• [To do]: Nothing but the line containing "METAL DÜĞMELİ KISA CEKET" and the lines after it in the entries below should appear, each repeated exactly.

Crawled caption data:
=== Begin Enclosure ===

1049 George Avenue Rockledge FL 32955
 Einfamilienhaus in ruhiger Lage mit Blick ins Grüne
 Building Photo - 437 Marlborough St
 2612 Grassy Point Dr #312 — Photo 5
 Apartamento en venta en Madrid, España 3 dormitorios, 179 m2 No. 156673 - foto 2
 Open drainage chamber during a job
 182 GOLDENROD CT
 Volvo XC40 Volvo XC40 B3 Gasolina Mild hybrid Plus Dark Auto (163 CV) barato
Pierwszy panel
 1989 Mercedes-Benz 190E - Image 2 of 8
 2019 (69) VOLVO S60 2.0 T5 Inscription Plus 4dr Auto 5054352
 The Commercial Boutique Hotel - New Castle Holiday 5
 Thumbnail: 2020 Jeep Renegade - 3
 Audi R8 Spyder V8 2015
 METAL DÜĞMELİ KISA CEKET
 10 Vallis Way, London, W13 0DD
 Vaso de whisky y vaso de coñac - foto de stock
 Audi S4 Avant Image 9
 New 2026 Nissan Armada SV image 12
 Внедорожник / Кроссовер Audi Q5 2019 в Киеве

=== End Enclosure ===

• [Exercise answer]:
 METAL DÜĞMELİ KISA CEKET
 10 Vallis Way, London, W13 0DD
 Vaso de whisky y vaso de coñac - foto de stock
 Audi S4 Avant Image 9
 New 2026 Nissan Armada SV image 12
 Внедорожник / Кроссовер Audi Q5 2019 в Киеве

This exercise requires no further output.